The trail takes visitors on a journey of living lore, filled with tales of bootleggers, moonshine and fast cars combined with breathtaking views of the Cumberland Gap. Visitors will travel some of the same routes rebel bootleggers used to transport moonshine, a distilled corn whiskey also known as “white lightning.” Under the cloak of darkness, moonshine runners quickly transported on winding backroads their untaxed liquor during prohibition in the 1920s. To outrun tax collectors, bootleggers altered their cars from the original factory design so they could reach much higher speeds. For sport, bootleggers challenged each other to high-speed races in fields and pastures, known as “stock car racing.” Their fast and furious rides later paved the way to the start of NASCAR.

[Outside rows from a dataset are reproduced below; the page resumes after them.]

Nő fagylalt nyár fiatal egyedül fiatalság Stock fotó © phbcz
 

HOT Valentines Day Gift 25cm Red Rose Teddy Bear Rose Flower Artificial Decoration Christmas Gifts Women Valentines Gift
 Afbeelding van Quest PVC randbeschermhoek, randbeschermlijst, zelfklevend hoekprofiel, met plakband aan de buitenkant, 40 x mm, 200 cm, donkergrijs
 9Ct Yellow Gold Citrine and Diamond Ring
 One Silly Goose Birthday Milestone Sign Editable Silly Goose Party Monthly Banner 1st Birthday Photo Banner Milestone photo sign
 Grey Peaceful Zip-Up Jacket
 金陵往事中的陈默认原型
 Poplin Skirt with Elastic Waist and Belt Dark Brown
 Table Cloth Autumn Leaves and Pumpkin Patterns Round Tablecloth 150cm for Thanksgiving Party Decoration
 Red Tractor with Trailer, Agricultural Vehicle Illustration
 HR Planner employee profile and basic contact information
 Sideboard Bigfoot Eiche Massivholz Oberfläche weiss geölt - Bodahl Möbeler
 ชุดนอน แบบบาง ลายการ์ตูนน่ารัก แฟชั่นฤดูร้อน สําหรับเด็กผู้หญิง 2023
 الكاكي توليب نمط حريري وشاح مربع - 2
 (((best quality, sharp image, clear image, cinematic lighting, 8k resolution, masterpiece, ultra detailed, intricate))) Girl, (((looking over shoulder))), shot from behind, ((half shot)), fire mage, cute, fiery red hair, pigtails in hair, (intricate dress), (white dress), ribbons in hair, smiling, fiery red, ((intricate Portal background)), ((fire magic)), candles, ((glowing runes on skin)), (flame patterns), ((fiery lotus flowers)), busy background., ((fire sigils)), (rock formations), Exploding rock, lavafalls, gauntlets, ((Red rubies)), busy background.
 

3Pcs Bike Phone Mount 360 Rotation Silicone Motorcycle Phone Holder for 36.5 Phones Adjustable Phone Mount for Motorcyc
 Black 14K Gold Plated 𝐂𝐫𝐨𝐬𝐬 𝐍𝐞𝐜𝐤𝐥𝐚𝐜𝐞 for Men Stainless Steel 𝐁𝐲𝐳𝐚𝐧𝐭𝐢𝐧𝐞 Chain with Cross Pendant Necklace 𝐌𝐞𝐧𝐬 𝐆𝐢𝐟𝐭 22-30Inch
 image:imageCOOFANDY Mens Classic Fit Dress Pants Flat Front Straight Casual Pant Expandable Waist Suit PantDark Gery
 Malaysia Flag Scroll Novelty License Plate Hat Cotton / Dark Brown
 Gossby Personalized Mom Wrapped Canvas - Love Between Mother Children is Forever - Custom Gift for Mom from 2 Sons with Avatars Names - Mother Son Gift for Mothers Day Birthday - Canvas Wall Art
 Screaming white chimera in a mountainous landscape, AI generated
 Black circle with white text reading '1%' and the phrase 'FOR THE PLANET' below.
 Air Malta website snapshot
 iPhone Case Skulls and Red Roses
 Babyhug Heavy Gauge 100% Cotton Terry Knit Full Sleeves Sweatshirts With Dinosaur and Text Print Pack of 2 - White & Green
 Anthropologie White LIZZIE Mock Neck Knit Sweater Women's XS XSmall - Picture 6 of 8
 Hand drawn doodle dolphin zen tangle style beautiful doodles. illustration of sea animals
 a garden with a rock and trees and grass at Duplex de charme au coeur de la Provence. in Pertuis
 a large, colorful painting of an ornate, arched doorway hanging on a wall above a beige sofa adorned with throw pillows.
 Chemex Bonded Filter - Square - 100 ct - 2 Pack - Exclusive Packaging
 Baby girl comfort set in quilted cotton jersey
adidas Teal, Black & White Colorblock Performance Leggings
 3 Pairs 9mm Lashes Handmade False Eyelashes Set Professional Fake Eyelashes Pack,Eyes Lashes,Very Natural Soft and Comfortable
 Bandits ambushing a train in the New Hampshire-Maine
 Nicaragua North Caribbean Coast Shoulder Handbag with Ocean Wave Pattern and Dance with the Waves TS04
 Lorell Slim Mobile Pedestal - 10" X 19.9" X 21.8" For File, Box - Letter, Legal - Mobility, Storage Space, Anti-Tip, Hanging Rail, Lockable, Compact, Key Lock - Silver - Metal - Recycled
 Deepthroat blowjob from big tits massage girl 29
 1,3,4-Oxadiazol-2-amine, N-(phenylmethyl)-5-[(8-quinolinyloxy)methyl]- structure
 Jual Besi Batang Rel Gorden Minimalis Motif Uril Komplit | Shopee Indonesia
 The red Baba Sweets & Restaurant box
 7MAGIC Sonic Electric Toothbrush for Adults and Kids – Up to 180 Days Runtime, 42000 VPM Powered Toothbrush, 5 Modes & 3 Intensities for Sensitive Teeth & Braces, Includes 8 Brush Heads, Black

“The White Lightning Trail is another great example of how a regional approach is the best way to go,” said Knox County Mayor Mike Ragsdale. “The unique and exciting tourism sites along the trail will bring economic benefits to each of the nine counties represented and stimulate rural development within our county and beyond.”
In addition to popular attractions such as the Knoxville Zoo and Women’s Basketball Hall of Fame, other unique stops include Clinton’s Green McAdoo Cultural Center, where exhibits honor the famed “Clinton 12,” the 12 African-American students who first desegregated a state-supported high school, and Daniel Boone Visitor Information Center at Cumberland Gap National Historical Park, whose namesake helped clear the way for as many as 300,000 settlers seeking “new” lands. The trail also highlights several agritourism locations ranging from a pick-your-own-berries farm to corn mazes.